こう質問されていつも困ってしまう。何を挙げればいいか迷うほど、たくさんの答えがあるからだ。

その中でも、自分がかわいいものが好きであることを思い出し、それを自分に許すことができた経験は、いまでも私の生きる糧になっている。

最初のきっかけはカササギだ。ハトほどの大きさで、真っ黒な頭に、黒とブルーと白の三色の翼、エメラルドグリーンの長い尾をもち、脚も黒い。そして白いおなかがなんともぽってりとしているのだ。飛べるかどうか心配になるくらいちょっと重そうな体つきをしている。

そして、はじめてこの不思議な鳥を見た時、その姿と形が日本に残してきた飼い猫を連想させた。彼女も同じようなバランスの白黒の柄をもち、フワフワで真っ白な毛で覆われたおなかがポテポテして愛くるしかった。

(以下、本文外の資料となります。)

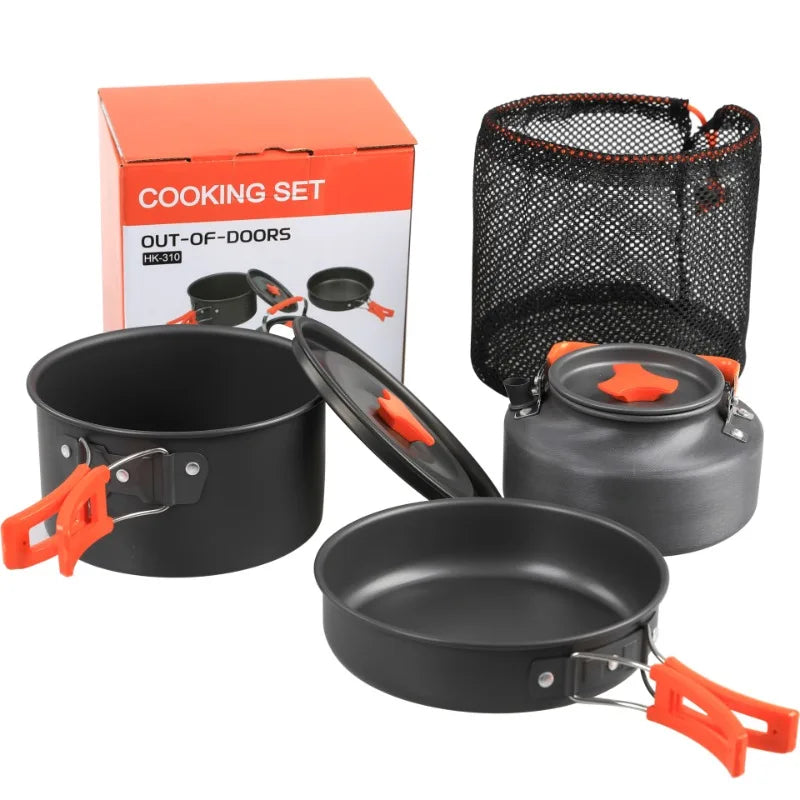 Juego de Cocina para Acampar, Juego de Utensilios de Cocina para Exteriores, Utensilios de Cocina Portátiles de Aluminio, Ollas, Tazones, Hervidores, Equipo para Picnic y Senderismo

以来、カササギが近くに来るたびに愛猫を恋しく思い出すようになった。次第に「かわいいね」とカササギに向かって話しかけるようになっていた。そしていつも少し泣いた。

オランダでは市街地でさえも水鳥が多いことに気付いた。彼らは人々が行き交うすぐそばで、少しも遠慮することなく堂々と暮らしていた。

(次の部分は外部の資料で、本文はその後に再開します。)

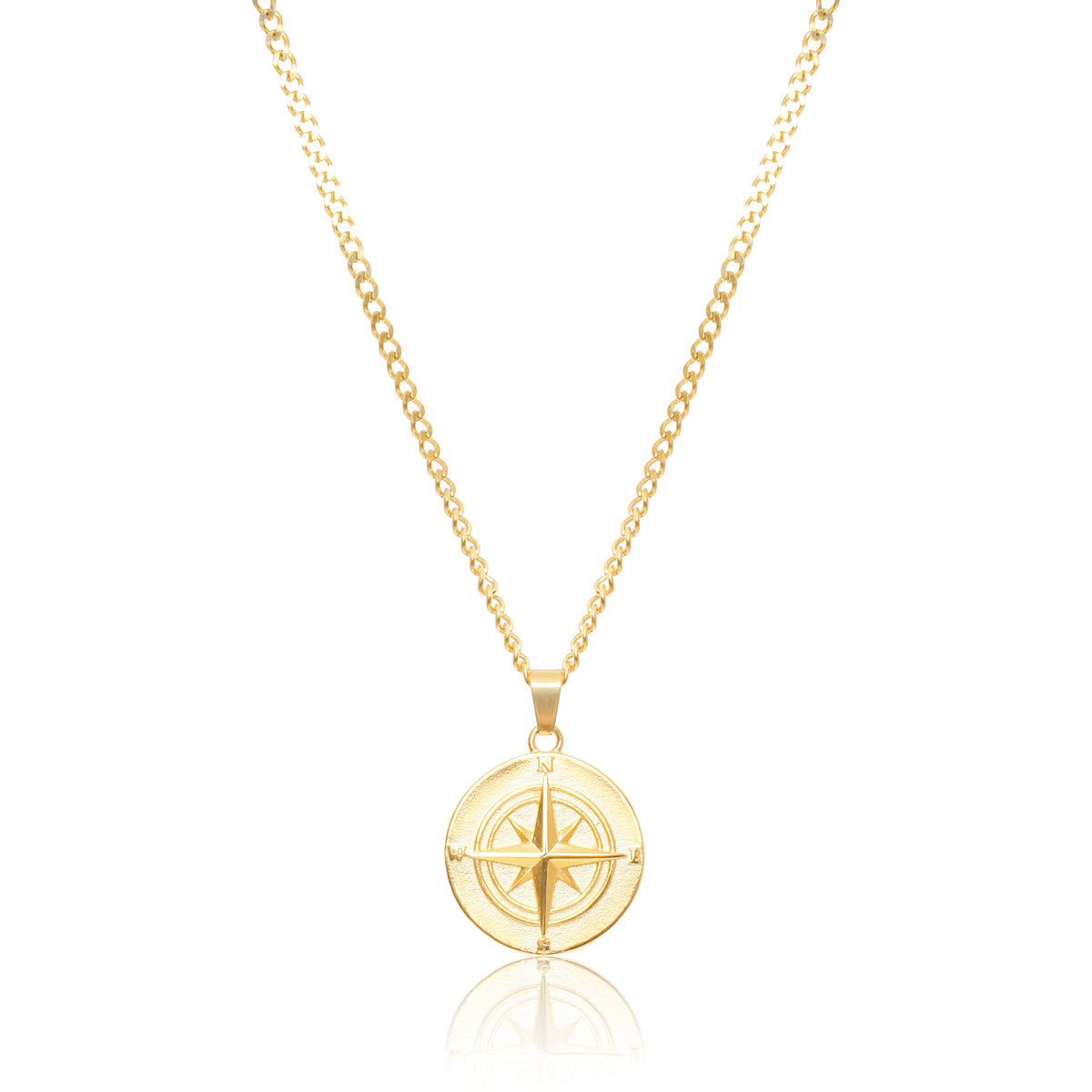 Sliver Compass Logo Lock Necklace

国中に張り巡らされた運河は道路とほぼ同じ高さに作られ、柵などの隔たりがないからだ。少し手を伸ばせば撫でられそうなほど近くに、白鳥やオオバン、エジプトガン、あひる、鴨などがのんびり泳ぎ、ついばみ、昼寝をしている。民家の庭にも我がもの顔でやってきては羽繕いをしていた。

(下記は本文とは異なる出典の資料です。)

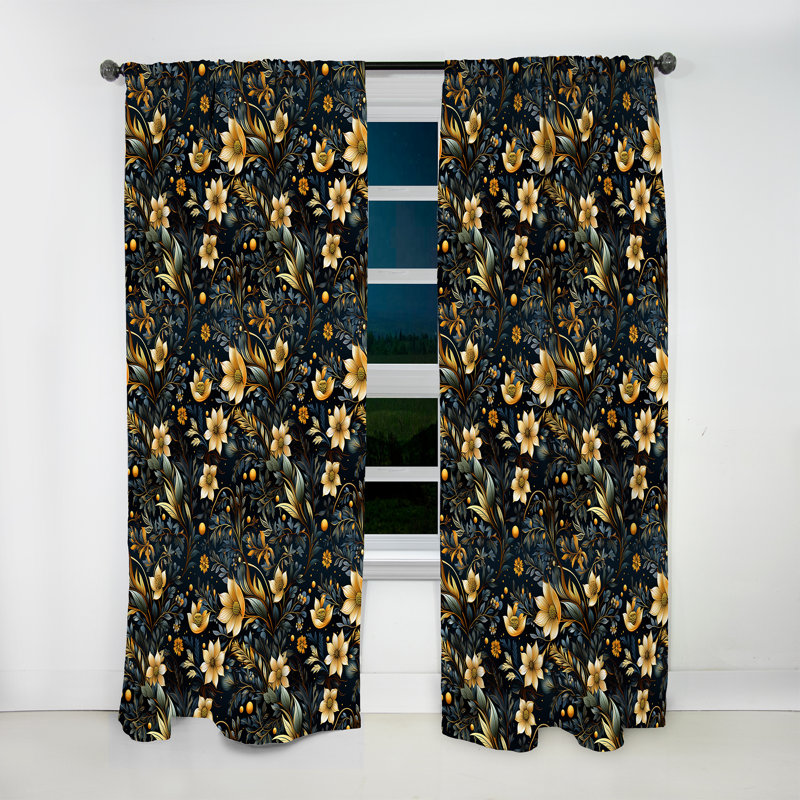 Motif céleste bleu Boho III - rideau bohémien - obscurcissement de la pièce en velours - 1 panneau, L 52 po x L 63 po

鳥たちは子育ても丸見せで、ピヨピヨ鳴きながら親鳥についていくヒナをまぢかで観察することができた。私は運河沿いを歩く足を止めて「かわいい、かわいい」と言いながらいつまでもその様子を眺めていられた。

そのうちに気がついたのだ。

「かわいい」と口に出すと心がほぐれることを。かわいいものを見ると苦しさや辛さが楽しさにすり替えられることを。

あぁ、そういえば、私はかわいいものが好きだった。いつの間にか、そんな大切なことをすっかり忘れていたのは何故なのか、運河沿いの公園で鳥を見ながらゆっくり振り返ってみた。

私は35歳の時にオランダに留学した。クラシック音楽を勉強するためだった。それまでは社会人だった。高校を卒業すると同時に秋田の実家を出て都会で就職した。

本当は大学に進学したかったが、父親が家業に失敗したことであきらめざるを得なかった。それは私の人生で最も過酷な我慢だったが、妹と弟が高校へ通えるため、さらには父が借金を順調に返済するために実家にお金の迷惑をかけずに生活することが長子の私には課せられた。

就職のために大都会にポツンとひとり生活することになった19歳の私が最も不安に思っていたのは、身の安全だ。東京はおっかない場所で、すぐに騙されてお金をとられたりすると常に聞かされていたからだ。

悪徳セールスや勧誘にひっかからないためには、とにかくナメられてはいけないと考え、まずは秋田訛りが出ないよう細心の注意を払うことから始めた。私が地方から出てきたばかりの人間であることがバレないようにするためだ。

そのうちに、マスコットをカバンにつけることや、キャラクターがプリントされたハンカチを持ち歩くことも止めた。ファンシーなものを身につけることは、女の子らしく弱い存在であることの象徴だと考えたからだ。

弱くてはいけない。ナメられるもんか。この2大ポリシーを守ったおかげでその後25年間は何かに騙されることなく生き抜いた。でもその結果、私は自分がかわいいものが好きだということを忘れてしまった。

そして、思いもよらず海外に留学をすることになった。

私は結婚して10年目の夫を日本に残して、言葉も文化も異なるオランダ王国に引っ越した。秋田から東京に出てきたことなど比べものにならないほど大きな環境の変化だった。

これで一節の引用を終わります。